Ashton's main building and grounds began as Dunstable Grammar School, founded by Frances Ashton in 1728 and built in 1887. It officially took on its middle school name and status in 1973.

Bedfordshire changed from a two-tier school system to a three-tier system (lower, middle and upper) in 1972, the concept of middle schools originally being mooted in the 1967 Plowden Report. At the time of closing, it was one of fewer than 200 middle schools in England.

In August 2014 Central Bedfordshire Council made the decision to close Ashton Middle School in 2016. The council claims that falling pupil numbers are making the school financially unviable, however the Church of England Diocese of St Albans is currently consulting on whether to appeal the closure. The closure of the school is part of a reorganisation of schooling in Dunstable which is expected to ultimately lead to closure of three middle schools in the area. However the school closed at the end of the Summer term in 2016.

== Facilities ==

The school had five buildings, the "A" block being the largest and oldest, situated parallel to Watling Street, mainly used for maths and French lessons and secretary duties. It also housed a matrons office, a library, the main hall and school chapel. The "B" block was primarily for the new intake form classes. The "C" block was multipurpose but included science labs and design-technology rooms. The "D" block was used for history, geography and music teaching; and the "E" block contained lockers and storage.

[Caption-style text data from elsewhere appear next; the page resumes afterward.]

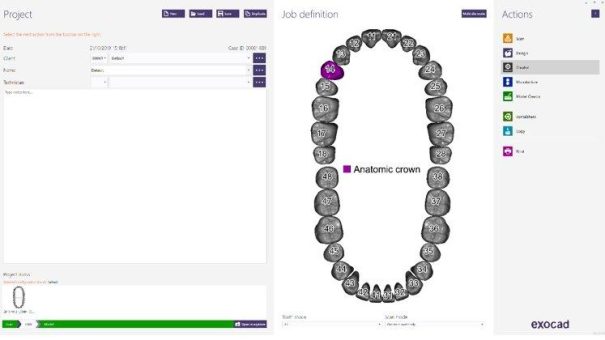 Zusammenarbeit von Coherent und exocad zur Stärkung von Software-Innovationen für die Dentalindustrie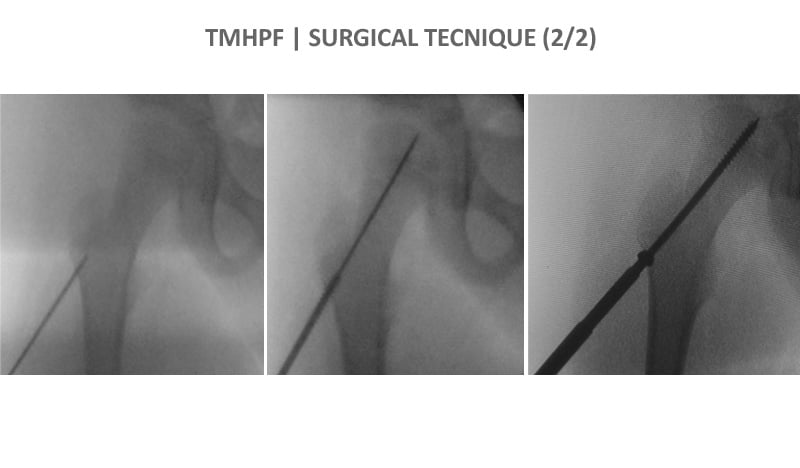temporary medial hemiepiphysiodesis proximal femur portinaro nicola post surgical tecnique
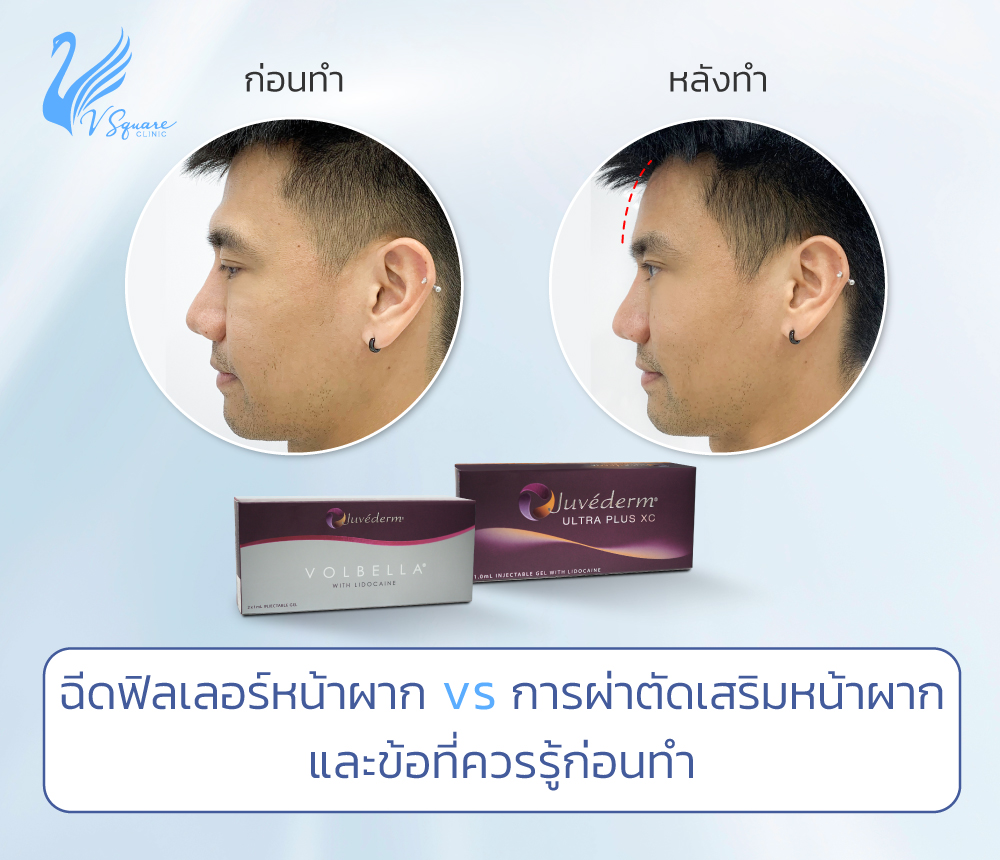 ฉีดฟิลเลอร์หน้าผาก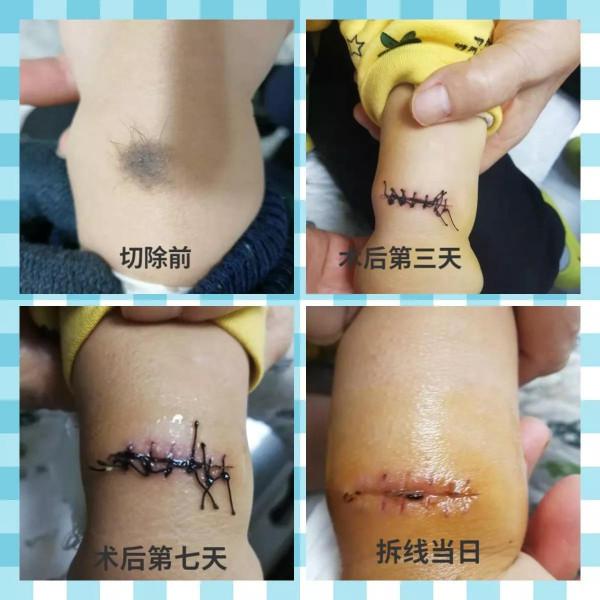 孩子黑毛痣切除後，當媽的自己動手換藥拆線全搞定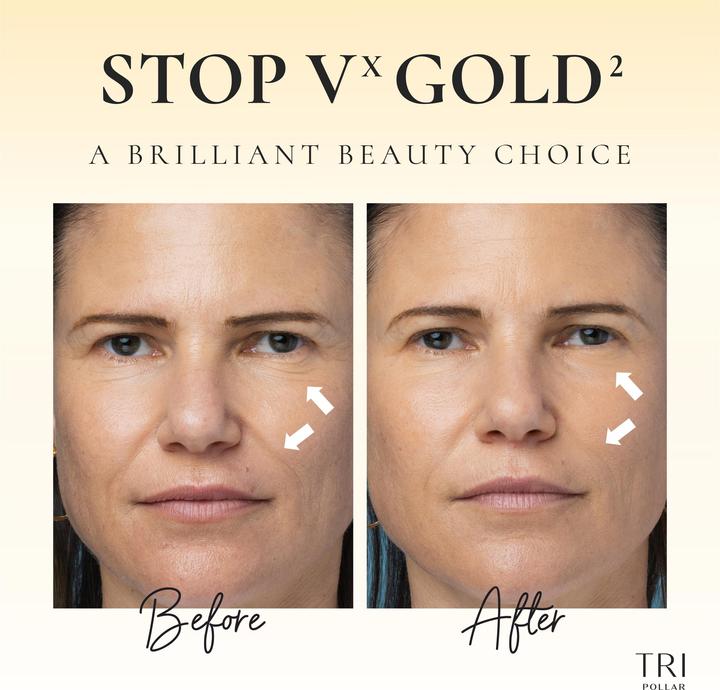 Image du produit TriPollar VX Gold2 soin ultime de la peau anti-âge RF-DMA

Other facilities included an astroturf pitch, PE block with an indoor gym, and a ball court for the children.

== School houses ==
The school had a house system named after four English cathedrals.

| House | Colours |
|---|---|
| Ely |  |
| Wells |  |
| York |  |
| Lincoln |  |

Competition between the houses included a sports day, swimming gala and merit marks, and football, hockey, cricket, rugby, tag rugby and athletics (long jump, high jump, javelin, shot put and track events). The school garden was rebuilt as a memorial to a former year 8 student, Hayley Spokes.

== Ofsted report ==
A section 5 Ofsted inspection was carried out and the report published on 16 March 2011. In the report the school was deemed "inadequate" by education watchdog Ofsted. The report stated "Significant improvement is required in relation to the progress of pupils with special educational needs and/or disabilities, and the use of assessment to provide individual pupils with appropriate guidance, challenge and support."

The Ofsted inspection of March 2012 found the school to be "satisfactory and improving, with good features".

== Closure ==
It was announced in 2014 that three local schools were to close. Ashton Middle School being one of the three. In that time school pupil numbers diminished to less than a class full during its final days. Ashton Middle School officially closed its doors and ceased to be a school on 31 August 2016. The site is now called "Ashton Grove".

== Future of Ashton ==
The site of Ashton Middle School is now a new development of 113 homes and apartments. A large proportion of the site was demolished, including C Block, B Block, Boiler house and swimming pool changing areas (Later were the Site Agents office and ICT Office).